How to complete this task: Give again, word for word, every line below from the one that has "Intelligent Fingerprint Scanner" through the one that has "Kichler River Path", both included, and no others.

Material for this exercise:

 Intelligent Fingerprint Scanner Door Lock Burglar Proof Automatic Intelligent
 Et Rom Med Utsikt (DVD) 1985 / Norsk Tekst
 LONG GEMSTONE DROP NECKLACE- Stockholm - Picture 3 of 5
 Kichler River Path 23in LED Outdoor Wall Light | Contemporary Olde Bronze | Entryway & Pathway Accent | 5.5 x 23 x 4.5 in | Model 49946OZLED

--

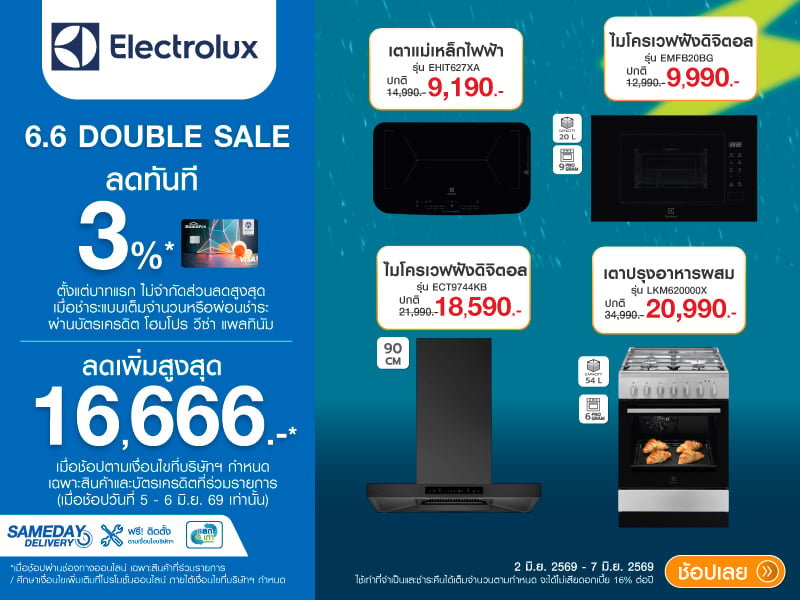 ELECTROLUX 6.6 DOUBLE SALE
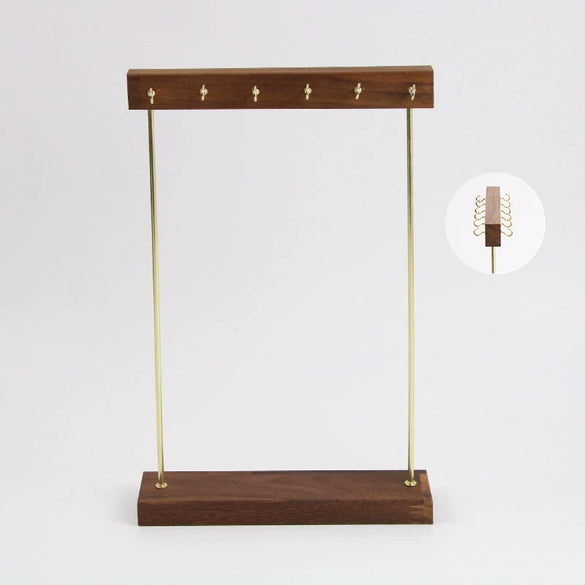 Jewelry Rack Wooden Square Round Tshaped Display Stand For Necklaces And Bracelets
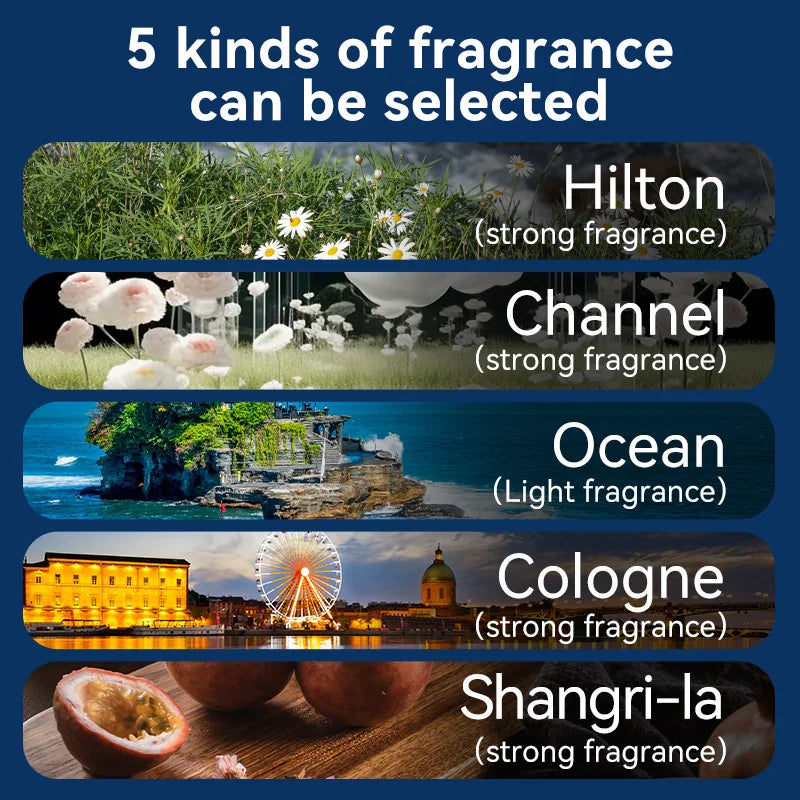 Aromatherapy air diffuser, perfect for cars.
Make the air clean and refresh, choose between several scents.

...

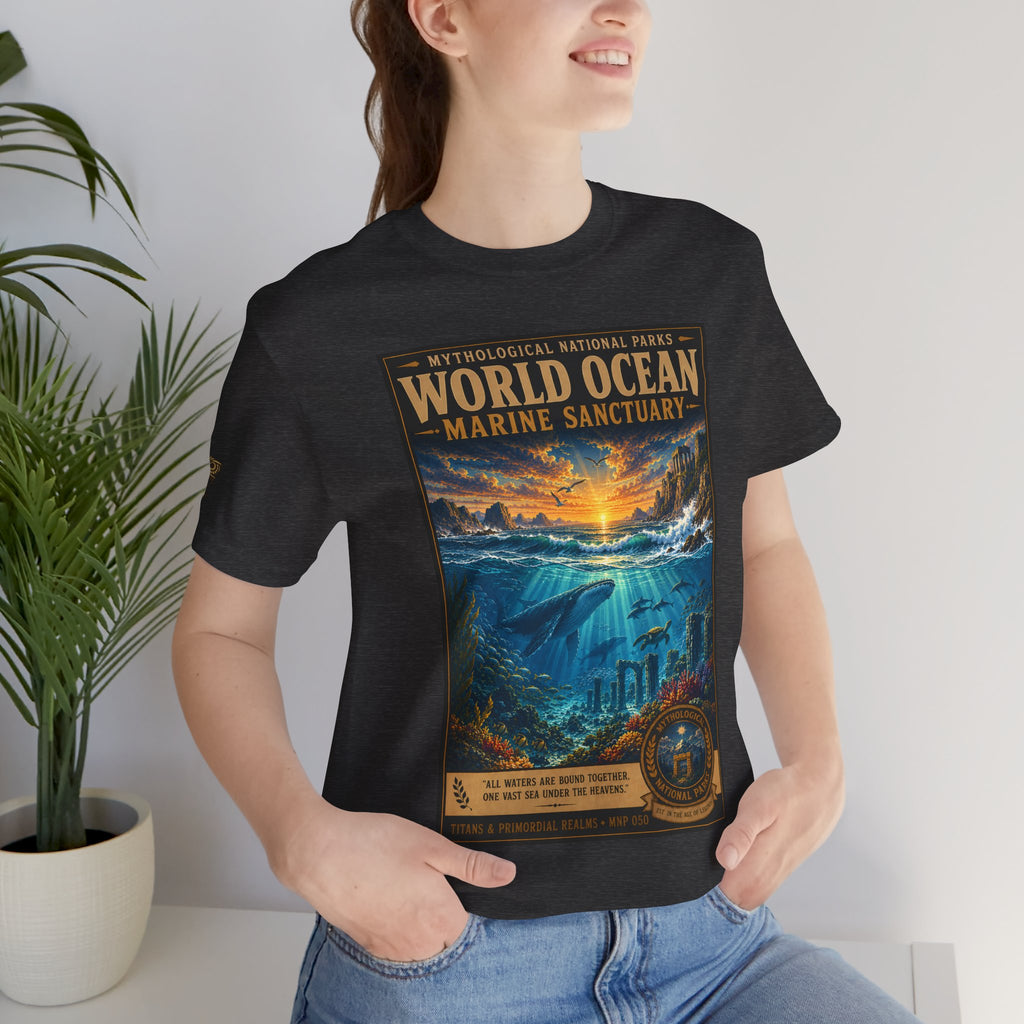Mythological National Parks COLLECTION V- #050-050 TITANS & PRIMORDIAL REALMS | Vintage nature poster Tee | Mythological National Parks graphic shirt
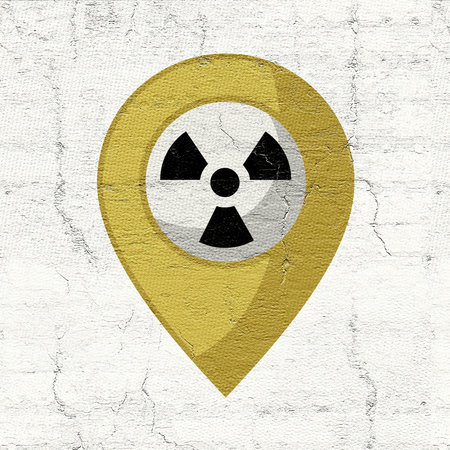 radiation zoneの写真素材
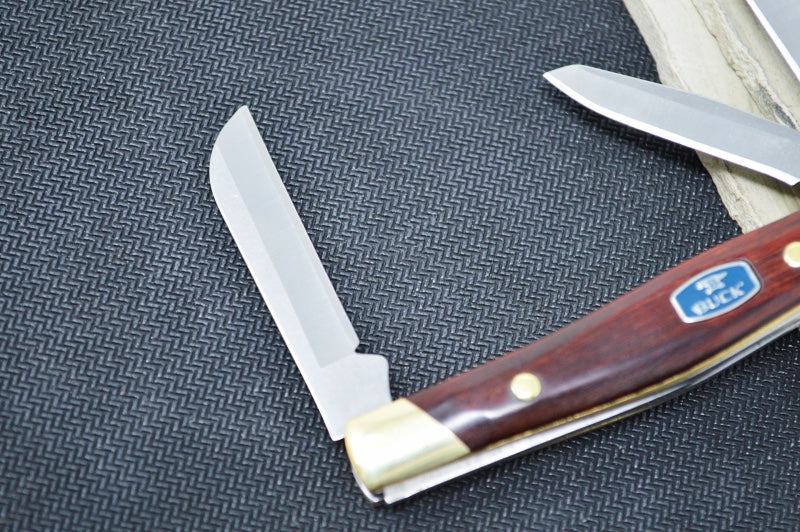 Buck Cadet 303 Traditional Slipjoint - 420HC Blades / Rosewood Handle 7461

Expected output:
 Intelligent Fingerprint Scanner Door Lock Burglar Proof Automatic Intelligent
 Et Rom Med Utsikt (DVD) 1985 / Norsk Tekst
 LONG GEMSTONE DROP NECKLACE- Stockholm - Picture 3 of 5
 Kichler River Path 23in LED Outdoor Wall Light | Contemporary Olde Bronze | Entryway & Pathway Accent | 5.5 x 23 x 4.5 in | Model 49946OZLED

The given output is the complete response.